Do tyrants fear America anymore? President Obama’s timid foreign policy is an embarrassment for a global superpower
The débacle of Washington’s handling of the Libya issue is symbolic of a wider problem at the heart of the Obama administration’s foreign policy. The fact that it took ten days and at least a thousand dead on the streets of Libya’s cities before President Obama finally mustered the courage to call for Muammar “mad dog” Gaddafi to step down is highly embarrassing for the world’s only superpower, and emblematic of a deer-in-the-headlights approach to world leadership. Washington seems incapable of decisive decision-making on foreign policy at the moment, a far cry from the days when it swept entire regimes from power, and defeated America’s enemies with deep-seated conviction and an unshakeable drive for victory.
Just a few years ago the United States was genuinely feared on the world stage, and dictatorial regimes, strategic adversaries and state sponsors of terror trod carefully in the face of the world’s most powerful nation. Now Washington appears weak, rudderless and frequently confused in its approach. From Tehran to Tripoli, the Obama administration has been pathetically slow to lead, and afraid to condemn acts of state-sponsored repression and violence. When protesters took to the streets to demonstrate against the Islamist dictatorship in Iran in 2009, the brutal repression that greeted them was hardly a blip on Barack Obama’s teleprompter screen, barely meriting a response from a largely silent presidency.
In contrast to Ronald Reagan and George W. Bush, President Obama fails to see the United States as an exceptional nation, with a unique role in leading the free world and standing up to tyranny. In his speeches abroad he has frequently found fault with his own country, rather than projecting confidence in American greatness. From Cairo to Strasbourg he has adopted an apologetic tone rather than demonstrating faith in America as a shining city upon a hill, a beacon of freedom and liberty. A leader who lacks pride in his own nation’s historic role as a great liberator simply cannot project strength abroad.
It has also become abundantly clear that the Obama team attaches little importance to human rights issues, and in contrast to the previous administration has not pursued a freedom agenda in the Middle East and elsewhere. It places far greater value upon engagement with hostile regimes, even if they are carrying out gross human rights abuses, in the mistaken belief that appeasement enhances security. This has been the case with Iran, Russia and North Korea for example. This administration has also been all too willing to sacrifice US leadership in deference to supranational institutions such as the United Nations, whose track record in standing up to dictatorships has been virtually non-existent.
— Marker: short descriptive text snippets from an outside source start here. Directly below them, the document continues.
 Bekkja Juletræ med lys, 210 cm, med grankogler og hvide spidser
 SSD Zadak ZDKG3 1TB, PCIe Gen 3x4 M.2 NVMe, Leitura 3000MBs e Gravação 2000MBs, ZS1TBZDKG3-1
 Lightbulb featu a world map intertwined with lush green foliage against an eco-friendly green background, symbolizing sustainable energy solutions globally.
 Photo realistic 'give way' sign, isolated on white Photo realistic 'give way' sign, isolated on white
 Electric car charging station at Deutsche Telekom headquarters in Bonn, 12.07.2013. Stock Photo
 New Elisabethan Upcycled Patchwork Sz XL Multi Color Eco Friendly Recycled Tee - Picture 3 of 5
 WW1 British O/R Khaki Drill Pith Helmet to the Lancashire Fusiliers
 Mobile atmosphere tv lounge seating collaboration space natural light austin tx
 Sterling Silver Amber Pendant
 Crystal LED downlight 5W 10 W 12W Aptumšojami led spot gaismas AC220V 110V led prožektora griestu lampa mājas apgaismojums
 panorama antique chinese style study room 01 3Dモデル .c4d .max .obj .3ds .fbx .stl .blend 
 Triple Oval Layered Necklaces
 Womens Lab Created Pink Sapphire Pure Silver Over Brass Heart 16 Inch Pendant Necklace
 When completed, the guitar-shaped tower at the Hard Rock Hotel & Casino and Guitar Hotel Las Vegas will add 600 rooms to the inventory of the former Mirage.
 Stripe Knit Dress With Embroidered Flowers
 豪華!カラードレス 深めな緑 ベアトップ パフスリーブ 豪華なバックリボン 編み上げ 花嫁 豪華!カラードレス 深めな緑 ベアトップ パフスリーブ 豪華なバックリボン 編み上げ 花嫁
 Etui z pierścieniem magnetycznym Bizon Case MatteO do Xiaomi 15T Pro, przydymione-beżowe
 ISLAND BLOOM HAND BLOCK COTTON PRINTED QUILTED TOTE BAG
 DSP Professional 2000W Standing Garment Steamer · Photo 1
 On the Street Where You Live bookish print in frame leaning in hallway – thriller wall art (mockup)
The White House’s painful navel-gazing on Libya last week, with even the French adopting a far tougher stance, is cause for grave concern. The Obama administration’s timid approach to foreign policy is the last thing the world needs at a time of mounting turmoil in the Middle East, including the growing threat of a nuclear-armed Iran, and Islamist militancy on the rise from Egypt to Yemen. US leadership is now needed more than ever, but has embarrassingly gone AWOL on the world stage.